THIS OPINION HAS NO PRECEDENTIAL VALUE.  IT SHOULD NOT BE CITED OR RELIED ON AS PRECEDENT IN ANY PROCEEDING EXCEPT AS PROVIDED BY RULE 239(d)(2), SCACR.

THE STATE OF SOUTH CAROLINA
In The Court of Appeals

The State, Respondent

v.

Fernando Saenz-Montes, Appellant.


Appeal From Oconee County
 Howard P. King, Circuit Court Judge


Unpublished Opinion No. 2008-UP-548
Submitted October 1, 2008 – Filed October 9, 2008  


AFFIRMED


Beattie B. Ashmore, of Greenville, for Appellant.
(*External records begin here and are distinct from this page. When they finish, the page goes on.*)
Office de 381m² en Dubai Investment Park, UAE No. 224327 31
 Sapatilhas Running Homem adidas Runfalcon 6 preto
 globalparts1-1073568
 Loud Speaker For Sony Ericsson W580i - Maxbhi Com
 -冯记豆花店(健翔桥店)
Attorney General Henry Dargan McMaster, Chief Deputy Attorney General John W. McIntosh, Assistant Deputy Attorney General Salley W. Elliott, Assistant Attorney General Harold M. Coombs, Jr. all of Columbia; Solicitor Christina T. Adams, of Anderson, for Respondent.

PER CURIAM:  Fernando Saenz-Montes appeals his conviction and sentence for trafficking in cocaine, arguing the trial court erred in denying his motion to suppress evidence seized during a search of a vehicle he was driving because the dog sniff did not reveal drugs were in the vehicle and the detention following the traffic stop violated his Fourth Amendment rights.  We affirm[1] pursuant to Rule 220(b), SCACR, and the following authorities:

1.  As to whether the dog sniff revealed drugs were in the vehicle:  State v. Wise, 359 S.C. 14, 21, 596 S.E.2d 475, 478 (2004) (stating the admission or exclusion of evidence is a matter addressed to the trial court’s sound discretion); State v. Douglas, 367 S.C. 498, 509, 626 S.E.2d 59, 65 (Ct. App. 2006) (explaining defects in the amount and quality of the expert’s education or experience go to the weight to be accorded the expert’s testimony and not to its admissibility).

2.  As to whether the detention following the traffic stop violated his Fourth Amendment rights: Whren v. United States, 517 U.S. 806, 809-10 (1996) (“Temporary detention of individuals during the stop of an automobile by the police, even if only for a brief period and for a limited purpose, constitutes a ‘seizure’ of ‘persons’ within the meaning of [the Fourth Amendment].”); Florida v. Royer, 460 U.S. 491, 500 (1983) (explaining an investigative detention must be temporary and last no longer than is necessary to effectuate the purpose of the stop and the scope of the detention must be carefully tailored to its underlying justification); Pennsylvania v. Mimms, 434 U.S. 106, 111 n.6 (1977) (holding when police lawfully detain a motor vehicle for a traffic violation, they may order the driver to exit the vehicle without violating Fourth Amendment proscriptions on unreasonable searches and seizures); State v. Brockman, 339 S.C. 57, 66, 528 S.E.2d 661, 666 (2000) (articulating the any evidence standard of review to apply to Fourth Amendment search and seizure cases); State v. Pichardo, 367 S.C. 84, 99, 623 S.E.2d 840, 848 (Ct. App. 2005) (explaining  Fourth Amendment jurisprudence provides lengthening the detention for further questioning once the initial traffic stop is completed is permissible in two situations: (1) the officer may detain the driver for questioning unrelated to the initial stop if he or she has an objectively reasonable and articulable suspicion illegal activity has occurred or is occurring; and (2) further questioning unrelated to the initial stop is permissible if the initial detention has become a consensual encounter); State v. Williams, 351 S.C. 591, 597-98, 571 S.E.2d 703, 707 (Ct. App. 2002) (stating when probable cause exists to believe a traffic violation has occurred, the decision to stop the automobile is reasonable per se); State v. Butler, 343 S.C. 198, 201, 539 S.E.2d 414, 416 (Ct. App. 2000) (stating the Fourth Amendment guarantees a person the right to be secure from unreasonable searches and seizures).

AFFIRMED.

ANDERSON, WILLAIMS, and KONDUROS, JJ., concur.


[1] We decide this case without oral argument pursuant to Rule 215, SCACR.